The other thing to keep in mind is it’s about movement relative to audience expectations. If the answer to something seems super obvious, in that case I’m like, why aren’t you just saying yes to being a monarch because if you don’t you’ll die? Like at that point I’m expecting the turnaround to be very quick and I’m not even sure why she’s agonizing over this choice. And so that expectation means that I expect this to be an arc that ends quickly, not one that takes a long time. And that creates movement problems. And you can do that with any arc. Like if there’s a big mystery where the answer seems obvious. Some people I’ve talked to have this issue with Encanto. This is obviously the problem that is causing the family’s magic to go away, why haven’t you found the answer already? When that happens it feels excruciating when the characters do their whole mystery solving because you’re expecting it to be faster. With travel sequences, a lot of times what happens is the writer focuses too much on the destination and then people think that destination is like chapter two. When actually no, the characters are going to spend the whole book traveling, that’s the end of the book. In that case, their expectations for movement versus what happens is what makes it so excruciating and what makes the movement feel so slow. Having those expectations the right way and having problems feel the right level of difficulty can make a big difference. 
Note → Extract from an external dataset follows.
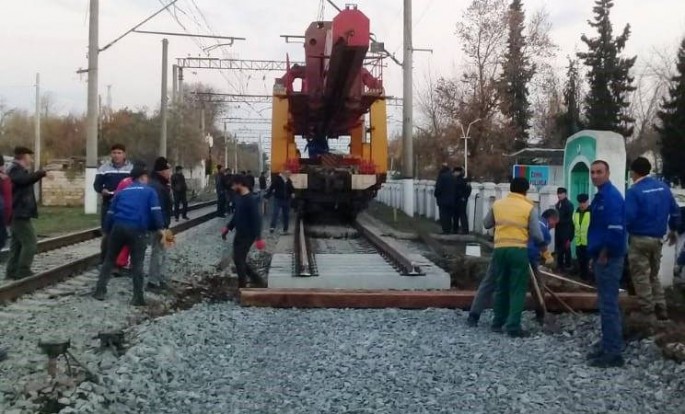 Kürdəmir stansiyasında yeni yoldəyişənlər quraşdırılır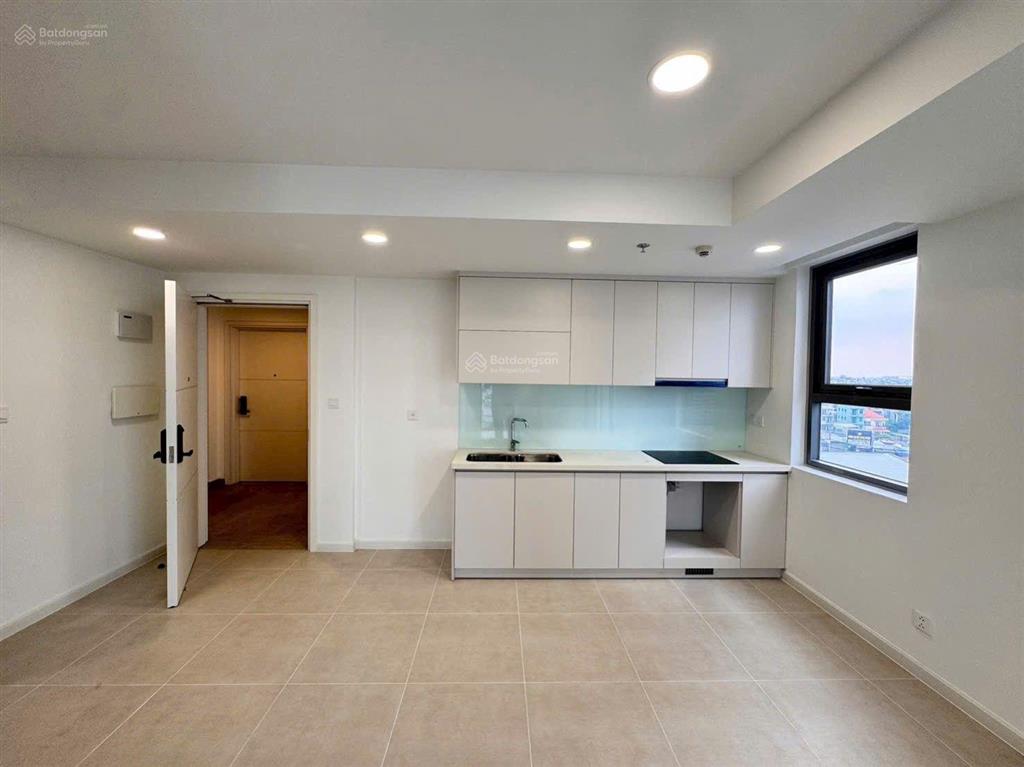 Bán căn hộ chung cư urban green tầng trung, góc đường số 6 quốc lộ 13, ở đầu tư đều phù hợp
Oren: In new manuscripts that I look at, the two most common ways for movement to stall are, you introduce a new character, a new POV character or some stories don’t have POVs, you know just goes off and does their own thing for a while. Or you have the existing character go off and do something that’s not related to what the audience wants to see. That is super frustrating. This also shows where the character goal model of storytelling can start to break down. The book Authority, which is the second Southern Reach book, the main character, his goal is to put the Southern Reach Agency in order and figure out its personnel staffing problems and what have you. But as the reader we’re like, “What’s going on with Area X? Tell us about Area X!” A weird scientist approaches the main character and is like, “Hey do you want to know about Area X? Come meet me out behind the sheds” and he’s like “Obviously I’m not doing that” and we’re like, “No go meet him I want to know about Area X!” [laughter] 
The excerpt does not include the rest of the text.